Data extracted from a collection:
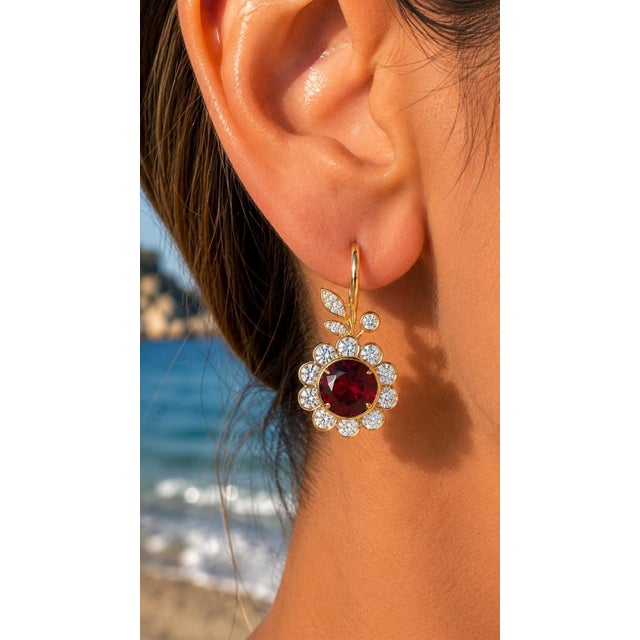 Art Nouveau Garnet Flower and Leaf Drop Earrings, Silver, Gold, Pair For Sale - Image 6 of 6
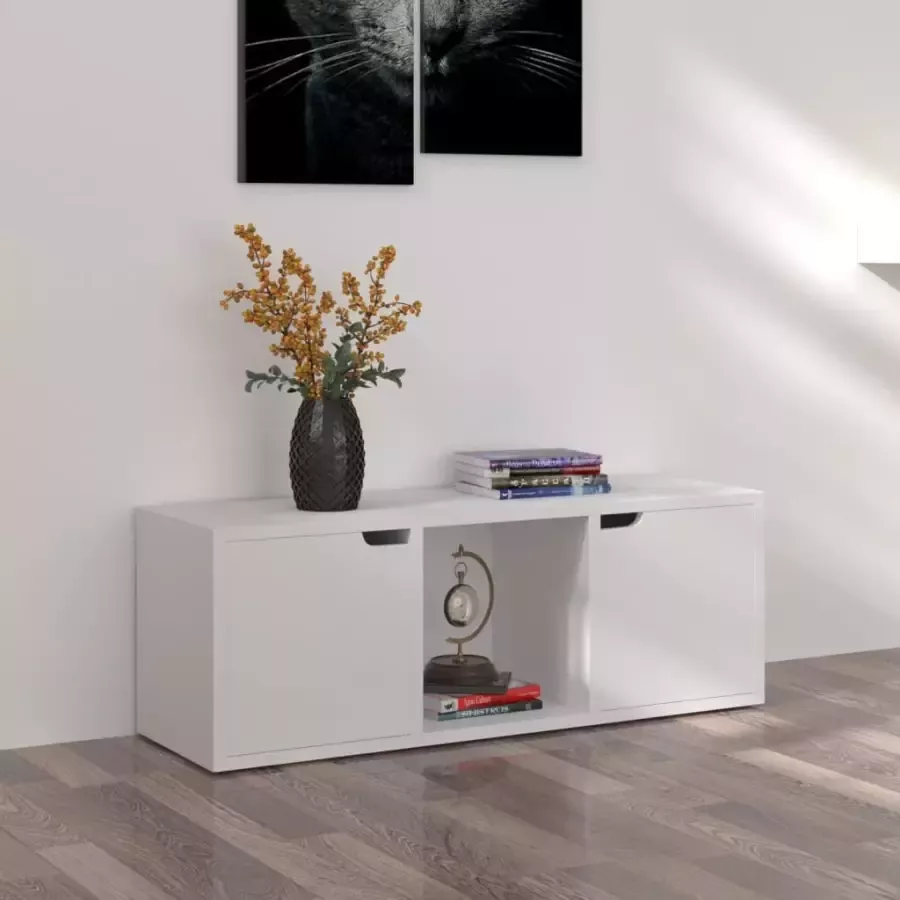 VidaXL Tv-meubel 88.5x27.5x30.5 cm spaanplaat wit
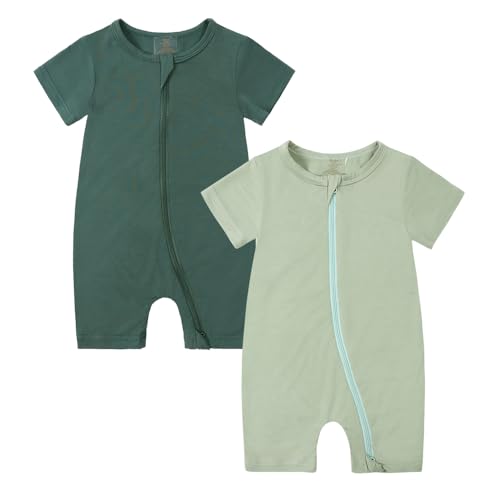 KIDS TALES 2er-Pack Säugling Baby Kurzarm Strampler Pyjamas Kleinkind Bambus Viskose 2 Wege Reißverschluss Jumpsuit Nachtwäsche von KIDS TALES
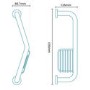 Stainless Steel Angled Grab Rail with Soap Dish 436mm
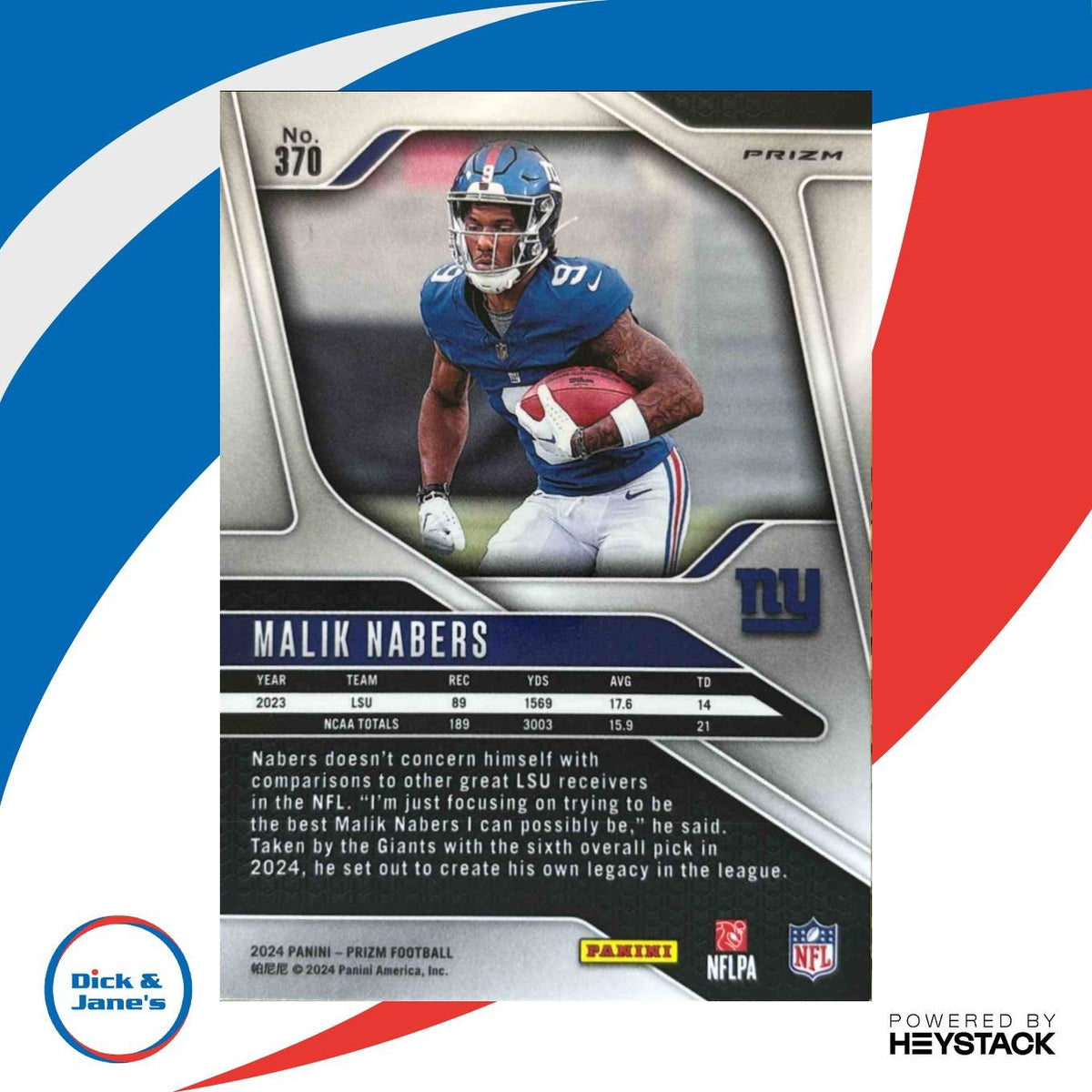 2024 Panini Prizm Malik Nabers Red White and Blue #370 RC New York Giants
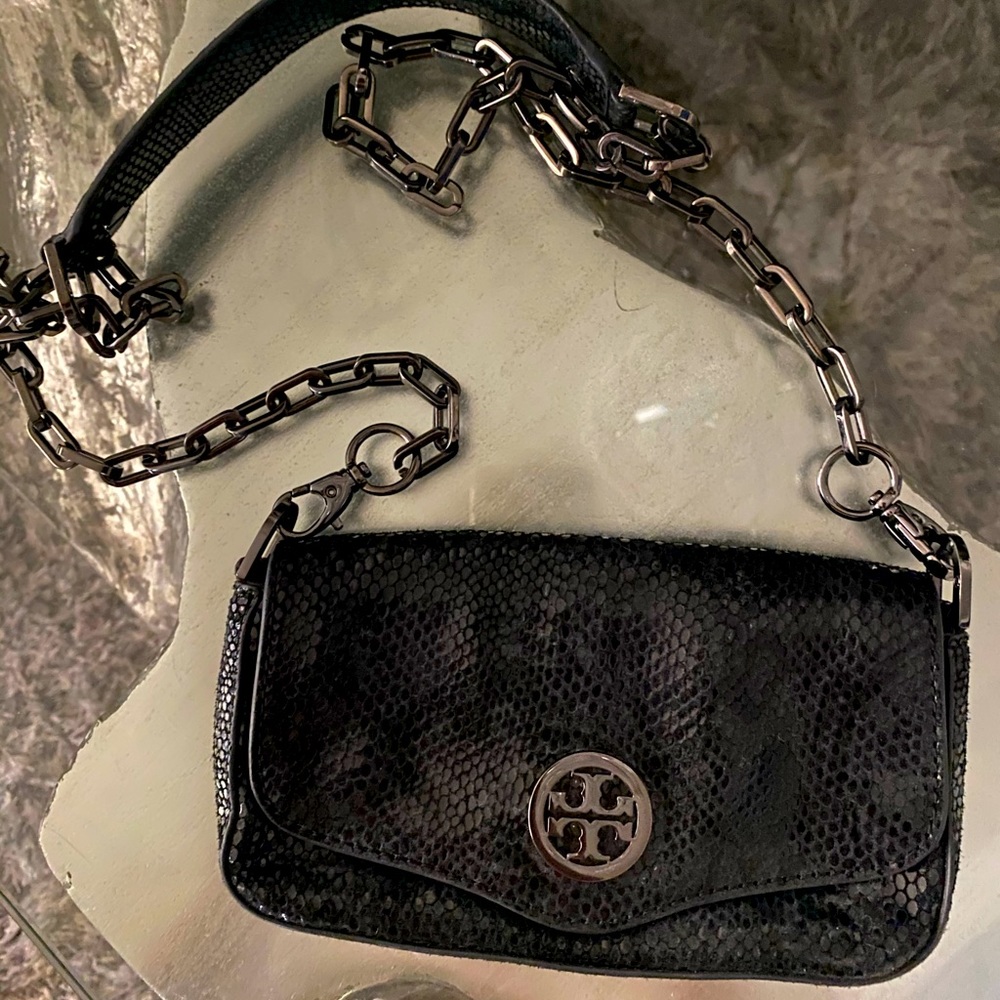 Tory Burch black snakeskin look crossbody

> **Work required**:
Output the whole of the data, unchanged; keep the pictures out.

> **Output below**:
 Art Nouveau Garnet Flower and Leaf Drop Earrings, Silver, Gold, Pair For Sale - Image 6 of 6
 VidaXL Tv-meubel 88.5x27.5x30.5 cm spaanplaat wit
 KIDS TALES 2er-Pack Säugling Baby Kurzarm Strampler Pyjamas Kleinkind Bambus Viskose 2 Wege Reißverschluss Jumpsuit Nachtwäsche von KIDS TALES
 Stainless Steel Angled Grab Rail with Soap Dish 436mm
 2024 Panini Prizm Malik Nabers Red White and Blue #370 RC New York Giants
 Tory Burch black snakeskin look crossbody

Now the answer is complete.